Posts Tagged ‘porn star’


Ask adult Christians what should be done if their pastor is using pornography, and 41% say “He/she should be fired or asked to resign.”* Another 29% say the pastor should take a leave of absence until he/she stops using porn.  Those over 50 years of age were more adamant about that—47% of age 51-69 and 57% of age 70+ were ready to can the pastor.  But only 35% of age 25-30 and 27% of age 31-50 felt that way.

Wow! If that were the case, a lot of pastors would be out of a job! More than half (57%) of pastors say they are either currently struggling (14%) or have struggled in the past (43%) with pornography, and 33% of the ones currently struggling say they “are addicted” to porn.

Among youth pastors, the numbers are higher: 64% say they are struggling (21%) or have struggled in the past (43%).  A whopping 56% of those currently struggling say they “are addicted” to porn.

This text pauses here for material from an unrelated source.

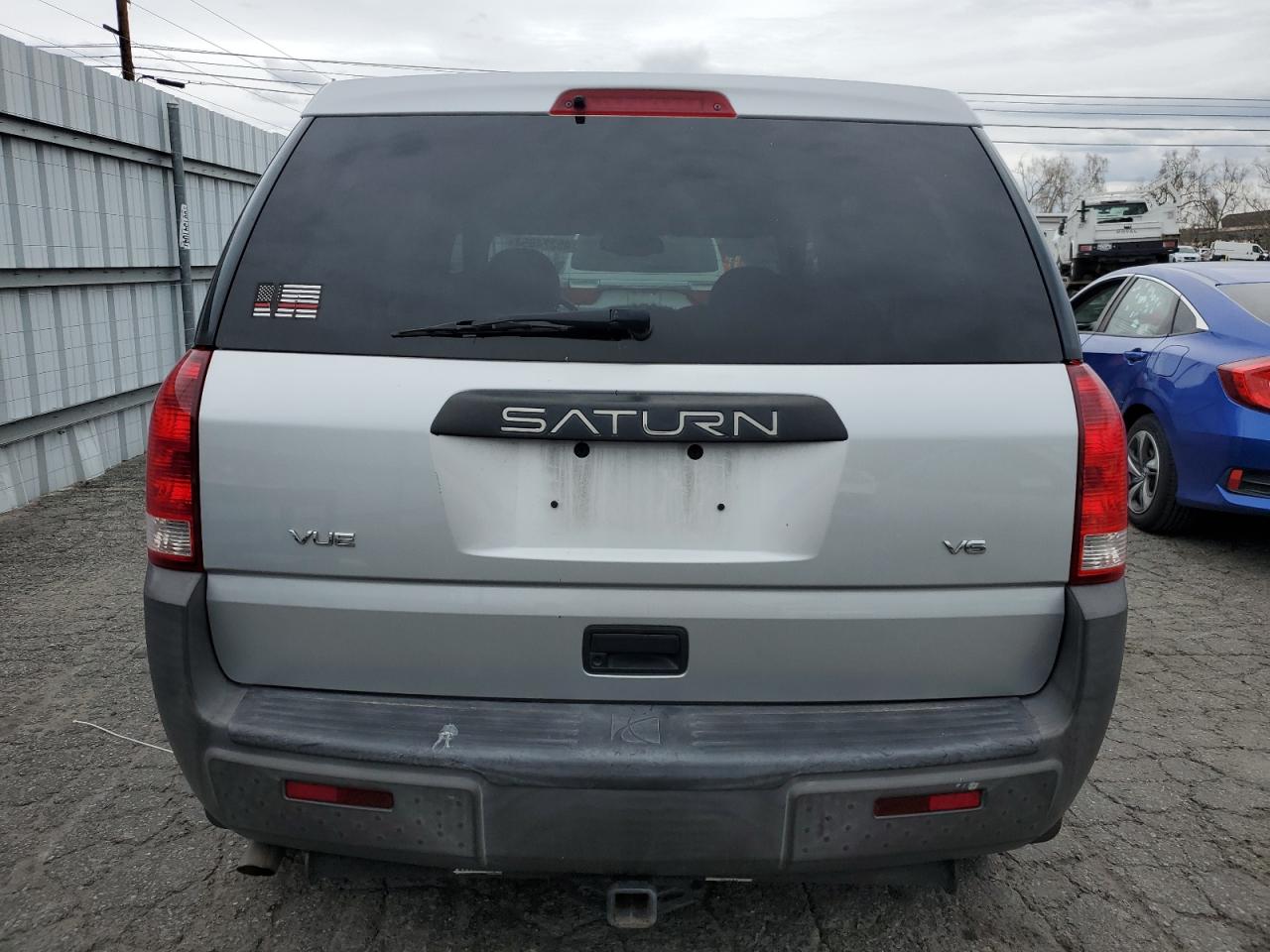 Photo 5 VIN: 5GZCZ53484S858565 - SATURN VUE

It is not surprising that pastors think a little differently than the 41% of lay people who say pastors should be fired.  Only 8% of pastors think that a pastor “should be fired or asked to resign” if found using porn.

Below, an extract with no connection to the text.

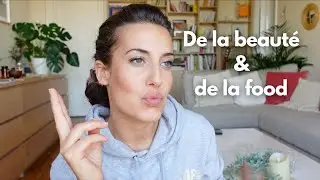 Super mascara, sérum anti-rougeurs et latte noisette / EMPTIES BEAUTÉ & FOOD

And it is even less surprising to find out that 55% of those using porn “live in constant fear of being discovered.”  No kidding! I know of many pastors who, upon being discovered, lose their careers, their families, their homes, their friends, everything.  Some have even ended their own lives as a result of being discovered.

What solutions do pastors suggest?

  • 82% said they should find a professional counselor.
  • 59% said they should find “a group of mature Christians who can hold him accountable.”
  • Only 1% of the pastors said that the congregation should be told.

But congregations are  unaware of the scope of the problem.  Awareness precedes understanding, and understanding precedes action. Once the people understand how addictive porn is and recognize that pastors are as prone to the sin as anyone else, they can take action.

If there is no problem among your pastors, that’s great!  But as the pastors themselves say, accountability is the best preventive medicine.  How devastating it would be to coast along, thinking there will be no problem, only to find out you need to rehabilitate or replace a key staff person.  How disrupting to the ministry, how costly for the counseling, how humiliating for the staff—all of which could be headed off by installing Covenant Eyes on all of the staff computers to maintain accountability and have open and transparent conversations.

It would be like the Black Plague on the church if all of the struggling pastors had to resign.  I believe they need help, not banishment.  I also believe we need to educate the church that porn is a pervasive problem, and pastors are human, too.  If we force pastors to live in constant fear, we force them to NOT seek help, the very help they know is needed.

The majority of those who struggle know what must be done–they need professional counseling along with accountability partners.  But they aren’t going to seek that help if they can’t admit they struggle, and they can’t admit they struggle if they know they’re out the door the next minute.  We need to meet them at the foot of the cross, where Christ took on the burden of our sins, as well as those of our pastors.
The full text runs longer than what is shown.